Supplied entries:
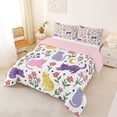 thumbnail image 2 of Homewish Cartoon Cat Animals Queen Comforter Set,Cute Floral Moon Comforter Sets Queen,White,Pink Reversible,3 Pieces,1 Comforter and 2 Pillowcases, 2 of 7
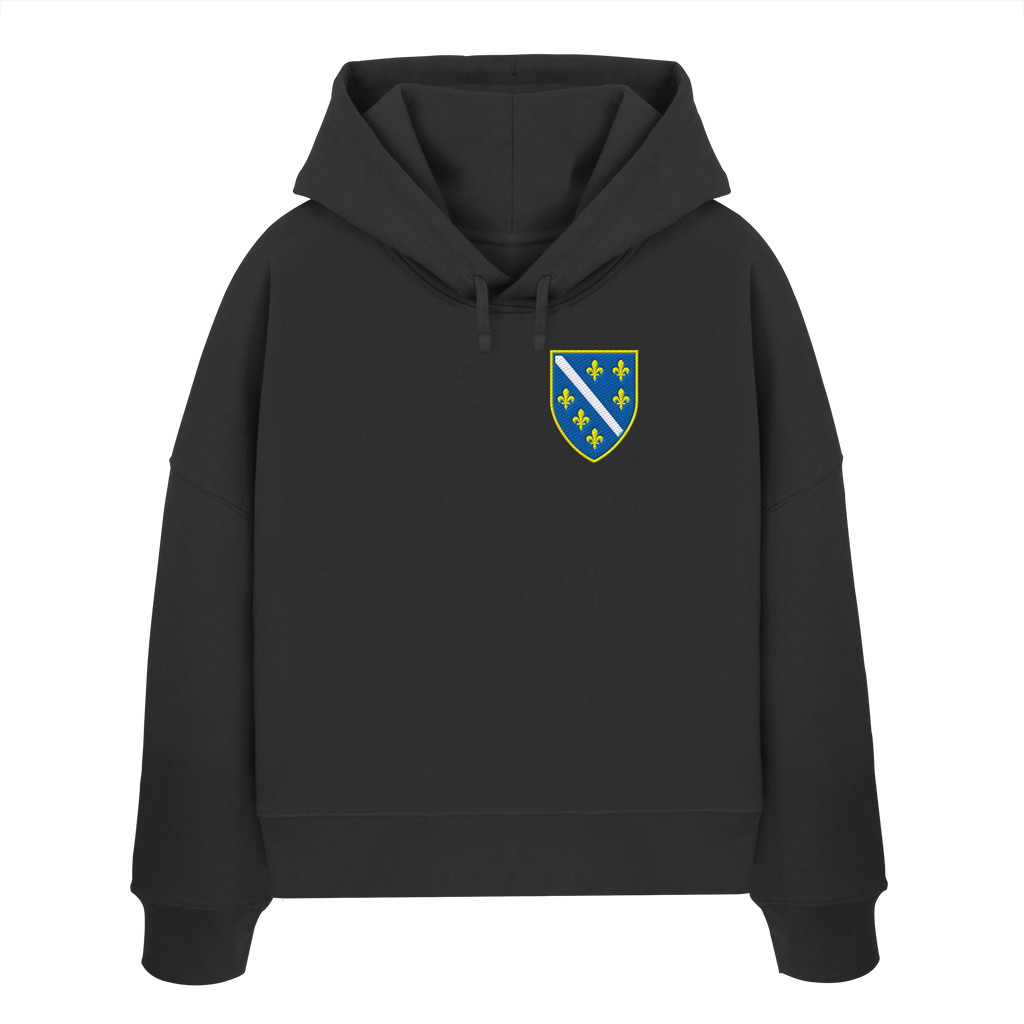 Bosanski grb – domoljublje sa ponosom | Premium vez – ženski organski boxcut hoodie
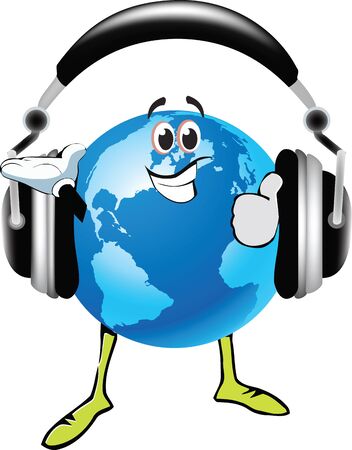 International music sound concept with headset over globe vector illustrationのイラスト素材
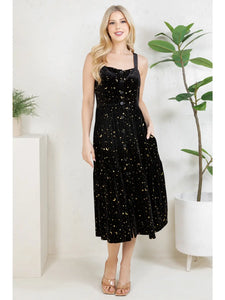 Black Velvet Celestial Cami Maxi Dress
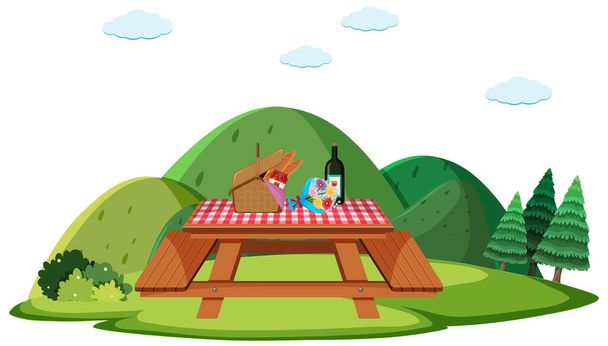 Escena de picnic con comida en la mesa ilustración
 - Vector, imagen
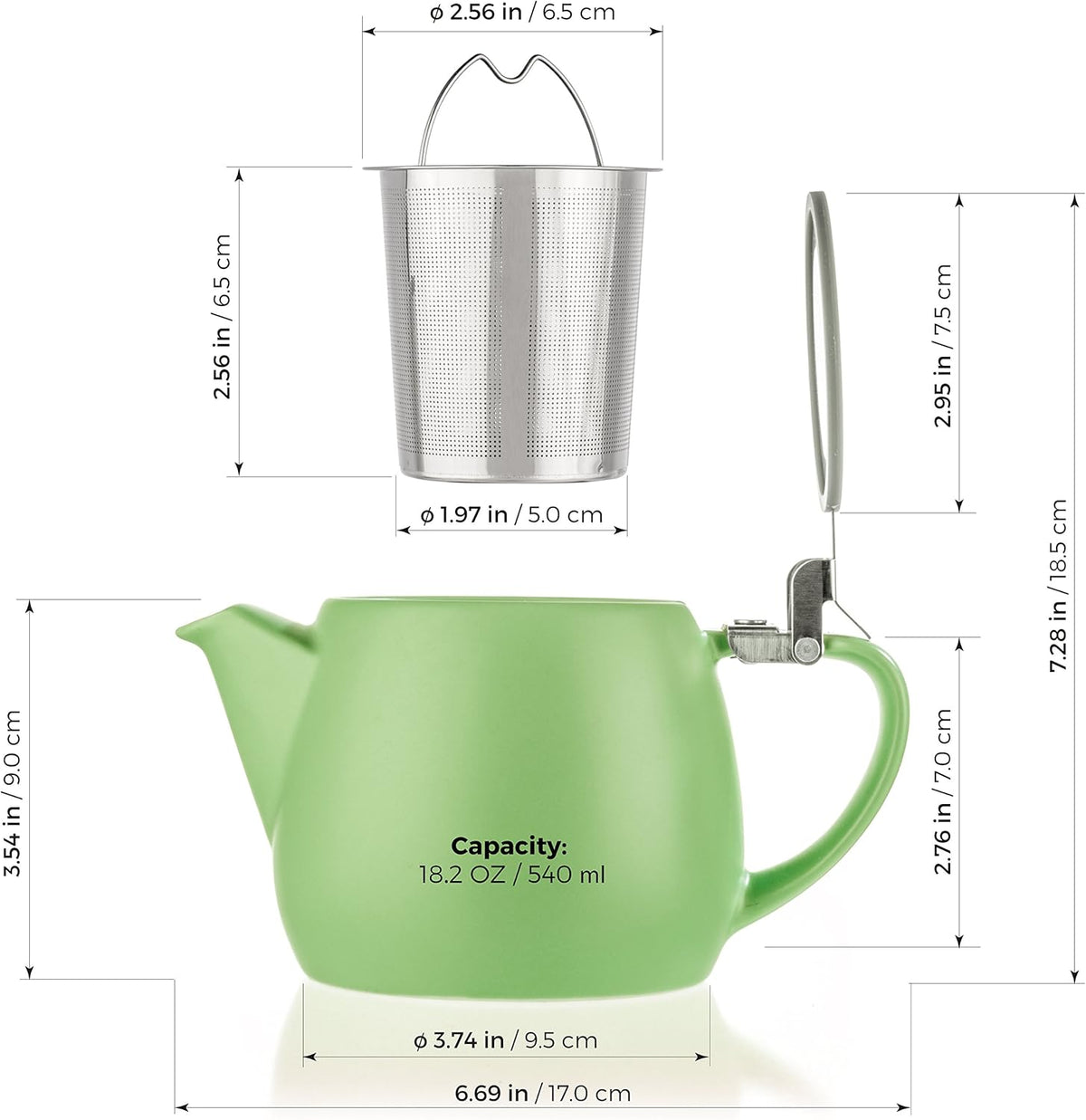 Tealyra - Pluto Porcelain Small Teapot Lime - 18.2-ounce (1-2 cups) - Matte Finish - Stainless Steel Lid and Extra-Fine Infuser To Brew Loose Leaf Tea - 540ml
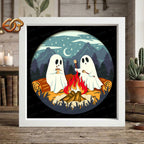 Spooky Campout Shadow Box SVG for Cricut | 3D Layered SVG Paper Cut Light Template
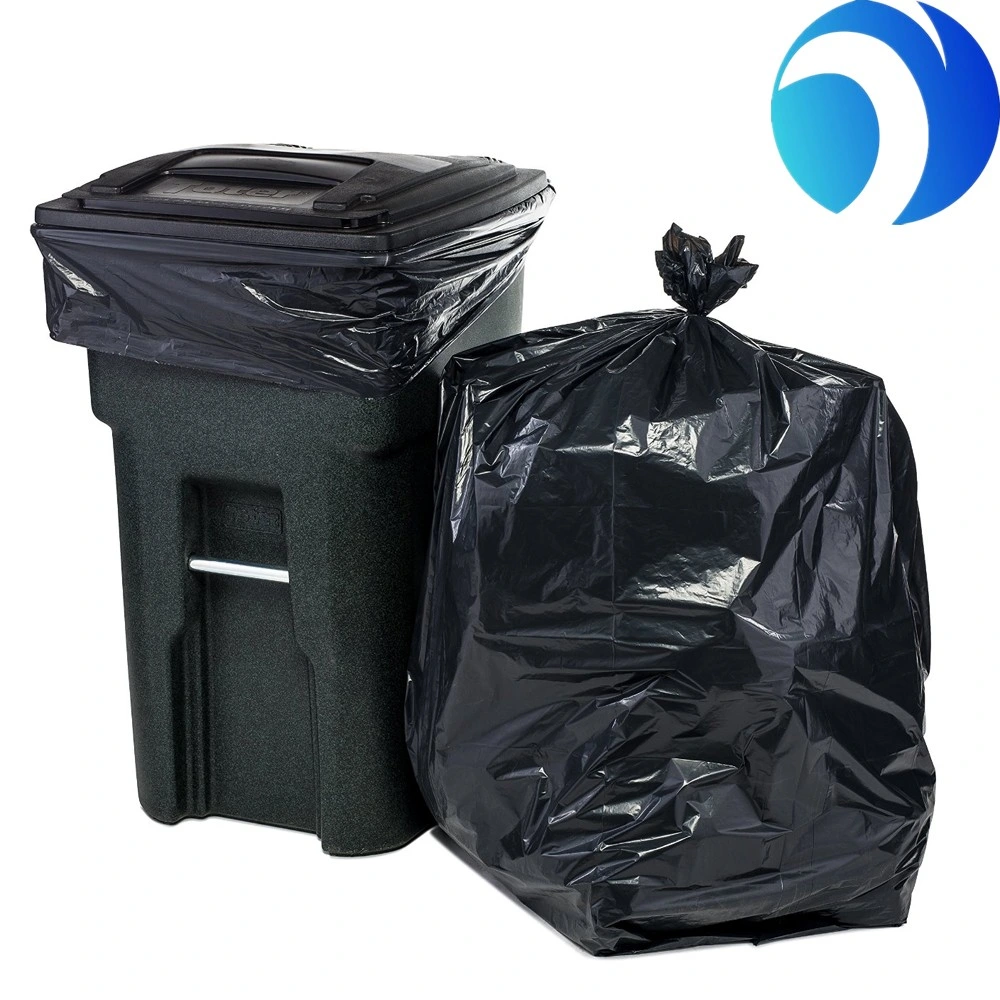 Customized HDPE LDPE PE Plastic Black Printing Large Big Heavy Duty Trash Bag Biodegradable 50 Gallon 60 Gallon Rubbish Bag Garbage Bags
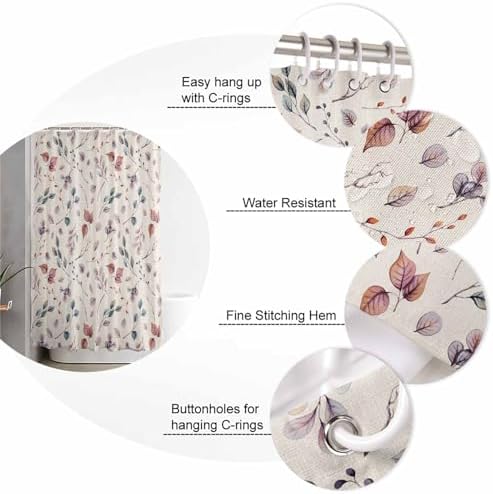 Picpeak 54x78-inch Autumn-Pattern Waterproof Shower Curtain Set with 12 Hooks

Directions: Each line of the material goes into your copy unchanged, but no picture does.

Solution for this problem:
 thumbnail image 2 of Homewish Cartoon Cat Animals Queen Comforter Set,Cute Floral Moon Comforter Sets Queen,White,Pink Reversible,3 Pieces,1 Comforter and 2 Pillowcases, 2 of 7
 Bosanski grb – domoljublje sa ponosom | Premium vez – ženski organski boxcut hoodie
 International music sound concept with headset over globe vector illustrationのイラスト素材
 Black Velvet Celestial Cami Maxi Dress
 Escena de picnic con comida en la mesa ilustración
 - Vector, imagen
 Tealyra - Pluto Porcelain Small Teapot Lime - 18.2-ounce (1-2 cups) - Matte Finish - Stainless Steel Lid and Extra-Fine Infuser To Brew Loose Leaf Tea - 540ml
 Spooky Campout Shadow Box SVG for Cricut | 3D Layered SVG Paper Cut Light Template
 Customized HDPE LDPE PE Plastic Black Printing Large Big Heavy Duty Trash Bag Biodegradable 50 Gallon 60 Gallon Rubbish Bag Garbage Bags
 Picpeak 54x78-inch Autumn-Pattern Waterproof Shower Curtain Set with 12 Hooks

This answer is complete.